SECTION 6.02 Subordination. (a) Notwithstanding any provision of this Agreement to the contrary, all rights of the Guarantors under Sections 6.01 and all other rights of indemnity, contribution or subrogation under applicable law or otherwise shall be fully subordinated to the indefeasible payment in full in cash of the Obligations. No failure on the part of the Borrower or any Guarantor to make the payments required by Sections 6.01 (or any other payments required under applicable law or otherwise) shall in any respect limit the obligations and liabilities of any Guarantor with respect to its obligations hereunder, and each Guarantor shall remain liable for the full amount of its obligations hereunder.

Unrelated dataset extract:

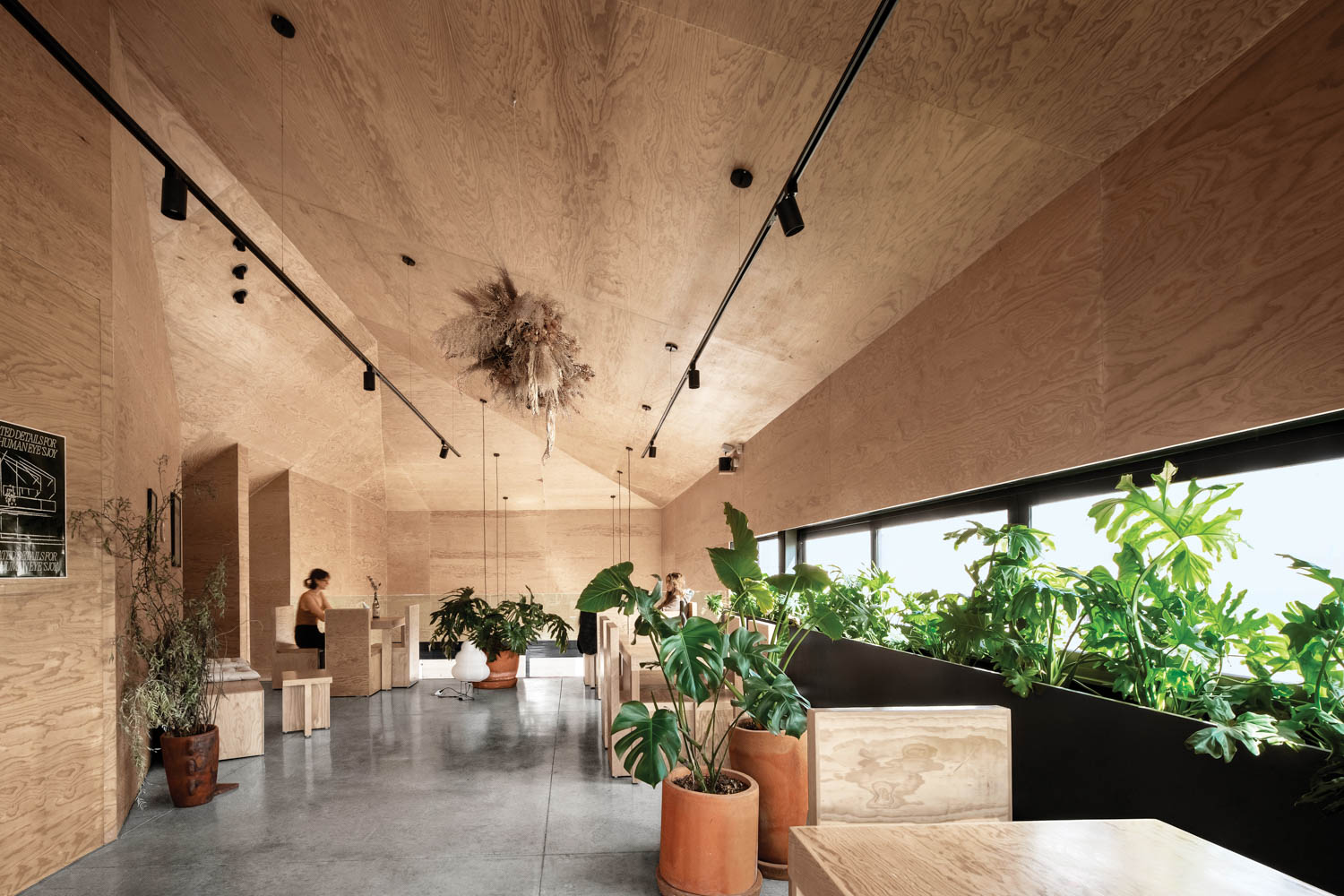 hallway area with high wooden ceilings, tables and lots of plants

(b) The Borrower and each Guarantor hereby agree that all Indebtedness and other monetary obligations owed by it to the Borrower or any Subsidiary shall be fully subordinated to the indefeasible payment in full in cash of the Obligations.
ARTICLE VII
Miscellaneous
SECTION 7.01 Notices. All communications and notices hereunder shall (except as otherwise expressly permitted herein) be in writing and given as provided in Section 9.01 of the Credit Agreement. All communications and notices hereunder to any Subsidiary Guarantor shall be given to it in care of the Borrower as provided in Section 9.01 of the Credit Agreement.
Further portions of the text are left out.